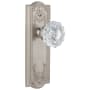Grandeur Parthenon Solid Brass Rose Privacy Door Knob Set with Versailles Crystal Door Knob Set and 2-3/4" Backset Satin Nickel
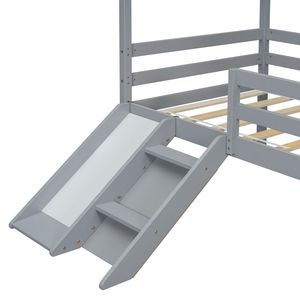 <b>Twin</b> Low Loft House <b>Bed</b> for Kids Grey with Slide Ladder Safety Guardrails House Roof <b>Frame</b> - Product Image 3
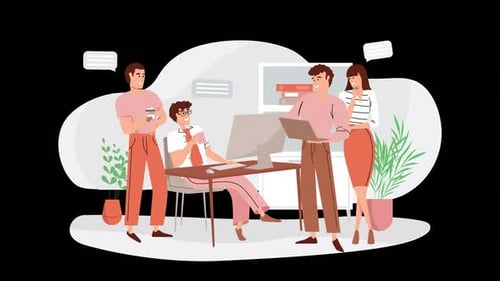 Flat Design Corporate Team Working in Office Animation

-- ASSIGNED TASK --
Quote all the lines above exactly as given. Do not include the pictures.

-- EXERCISE RESPONSE --
Grandeur Parthenon Solid Brass Rose Privacy Door Knob Set with Versailles Crystal Door Knob Set and 2-3/4" Backset Satin Nickel
 <b>Twin</b> Low Loft House <b>Bed</b> for Kids Grey with Slide Ladder Safety Guardrails House Roof <b>Frame</b> - Product Image 3
 Flat Design Corporate Team Working in Office Animation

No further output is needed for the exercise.